1 Year in, sort of


Dryer sheet aficionado
May 29, 2013
Sorry if this ends up sounding like a long winded boast, but if so I'll take it as a peculiar form of validation.

Originally retired at the beginning of April 2017, after just turning 59. In August, I was called back cause my replacement left (literally in handcuffs). So I worked part time through the end of 2017 as a consultant. 20-30 hr/week, half at the office, half at home. The net result was I didn't have to use any retirement funds.

When I ran Firecalc back in 2016, it showed an 81%-98% success depending on my assumptions. I just reran it using the "benike" spending model, but without SS or any equity in the house, just existing IRA balance and it gave me a 96% success rate. Add SS and change to constant spending, and it does drop to 71%. My withdrawal rate for this year will end up at 4.35% and will probably stay at that level for the next 2-3 years. But then is should drop to about 3% or less.

I feel most vulnerable to sequence of return risk as we have 2 kids, errr... young adults, who just started college this semester. Their college funds will take them through about 3 years assuming they don't chip in anything themselves. They know I expect them to contribute something after their freshman year, not because of financial need, but I think they should be financially vested in their own education.

My only other concern/risk is some large, unexpected expense or a major and extended down swing in the market. But I can't predict or control either of those, so why stress about it.

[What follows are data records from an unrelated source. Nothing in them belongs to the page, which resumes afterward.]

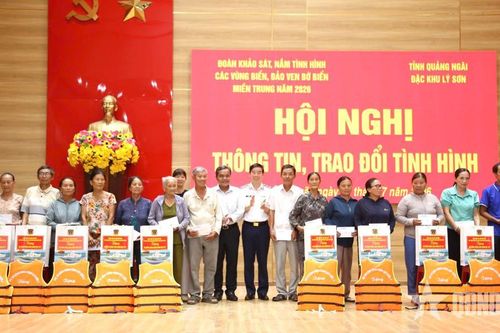 'Cầu nối' chính quyền địa phương với biển, đảo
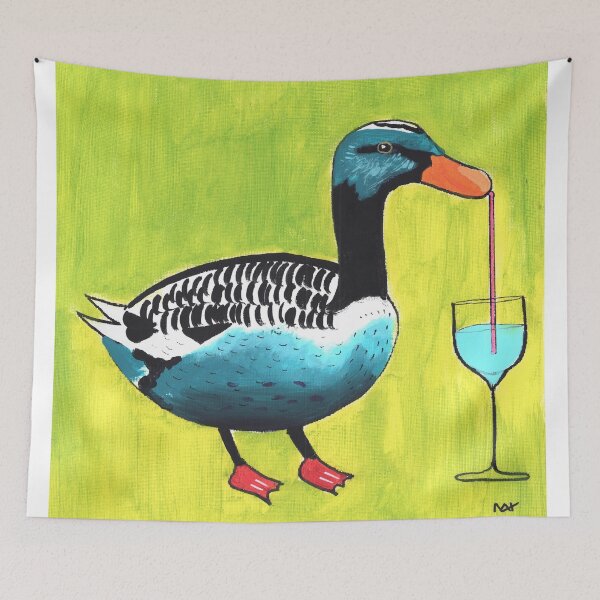 Item preview, Hydrated As Duck designed and sold by naiveartbymax.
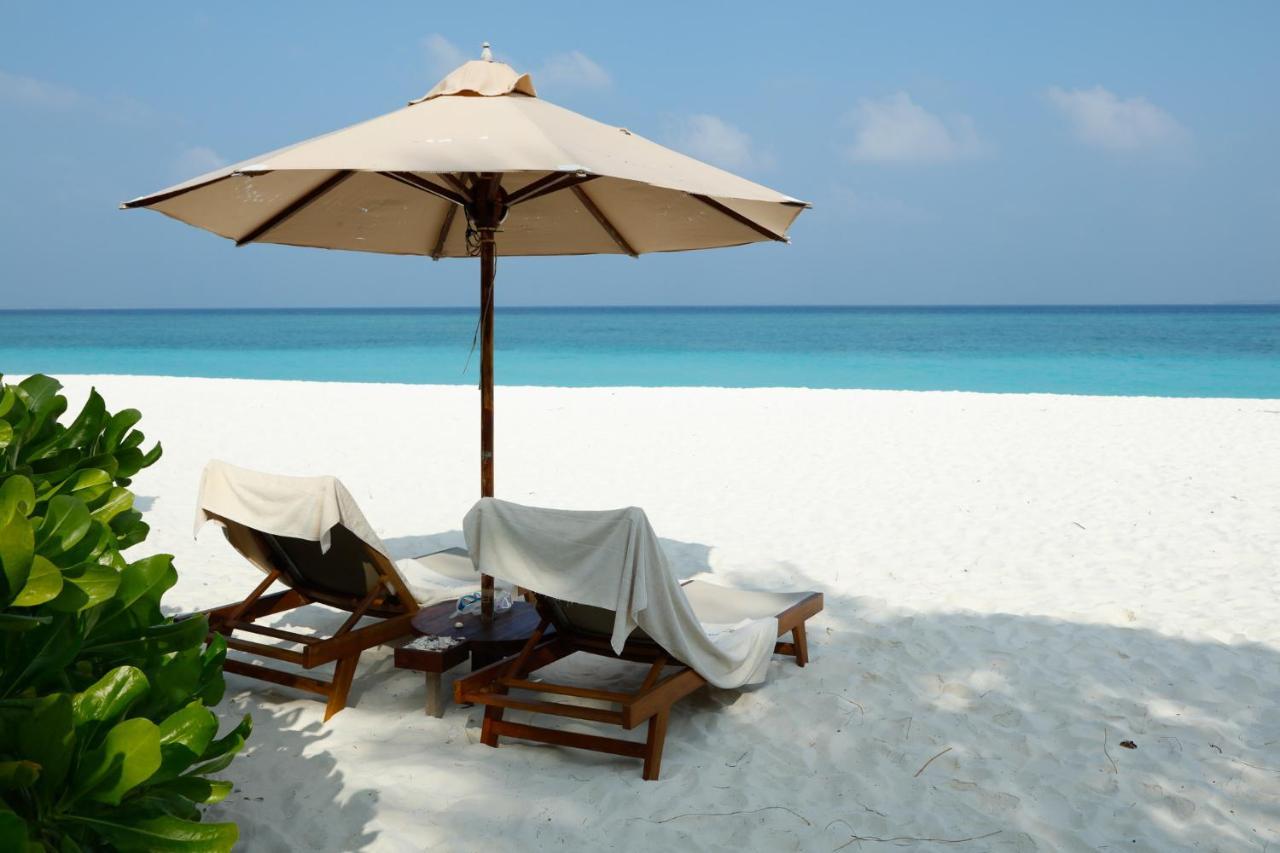 The Barefoot Eco Hotel Hanimaadhoo Island Esterno foto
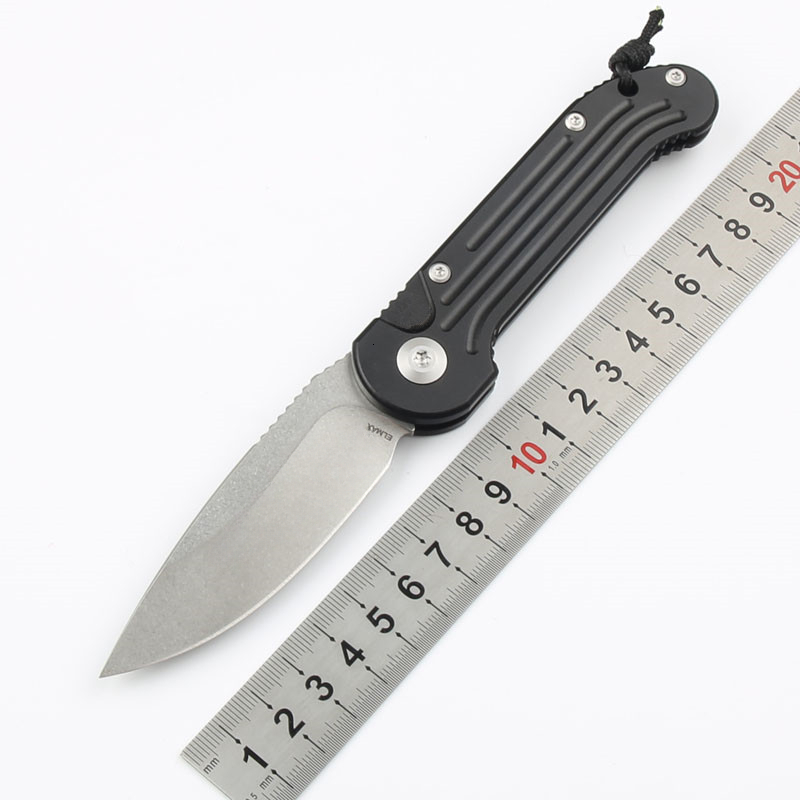 D2 Point Blade, Aluminum Handle, EDC Gear for Camping, Outdoor Activities and Daily Carry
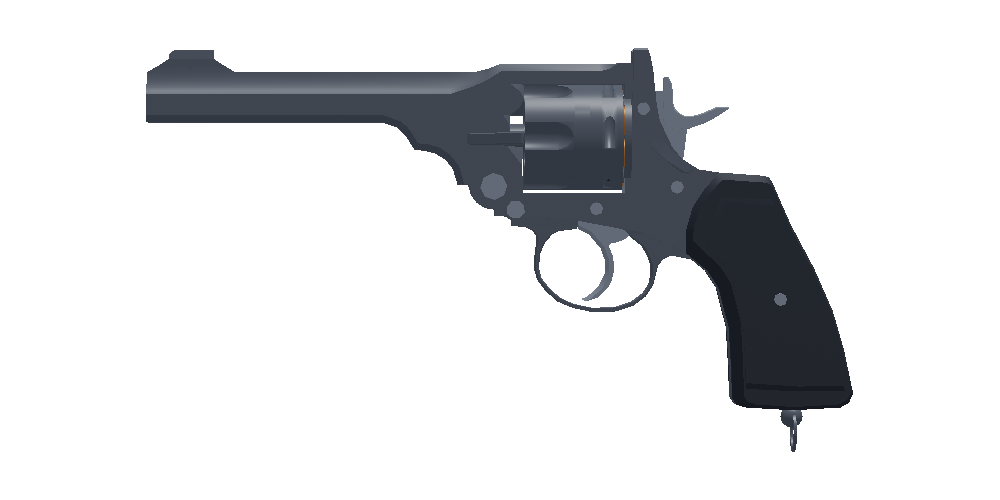 Webley Revolver - Roblox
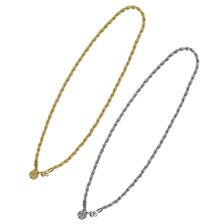 DOUBLE STEAL Twist Rope Necklace 442-90018画像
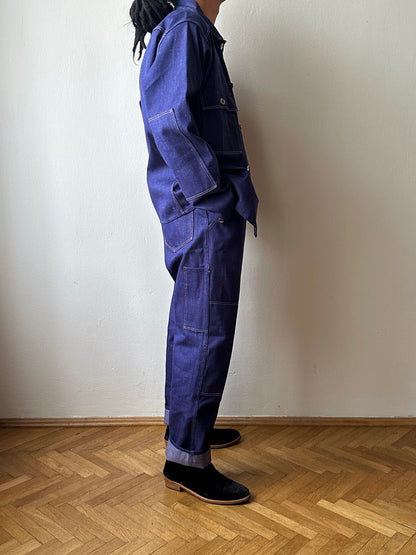Vintage East German Denim Workwear Set-Up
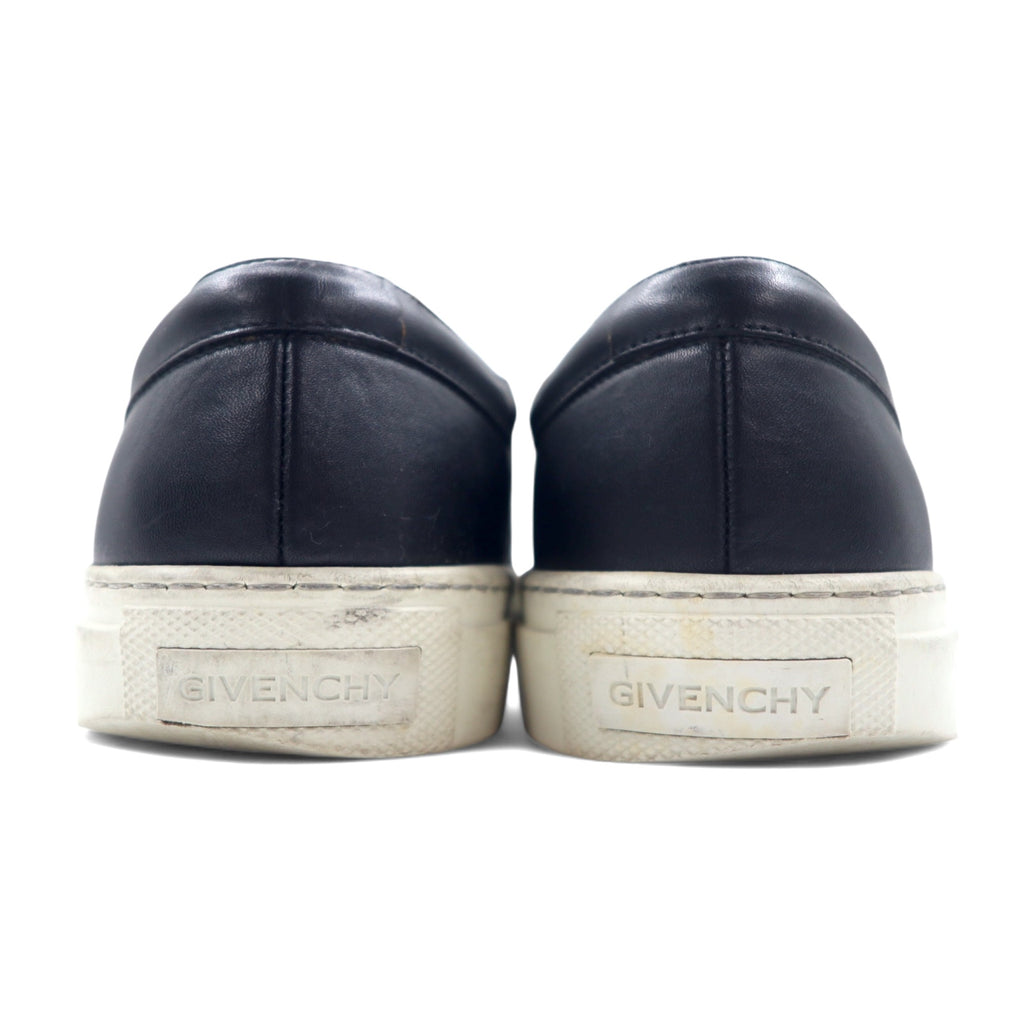 GIVENCHY イタリア製 レザー スリッポン スニーカー 24.5cm ブラック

I don't miss work at all or the commute and spending the last year my kids were at home getting better acquainted was well worth any potential financial risk.
If your WR% drops to 3% or less in a couple of years and you are 60 years old, I would think that the Firecalc success ratio would be 100% or close to it vs. 71%.
+1 One way to calculate an "ultimate" withdrawal rate is to define the numerator as spending - SS and the denominator as nestegg - (SS * number of years until SS starts).... as if you squirreled a SS substitute aside in a separate fund and then started withdrawls for your gap and used the separate fund as a substitute for SS until SS starts.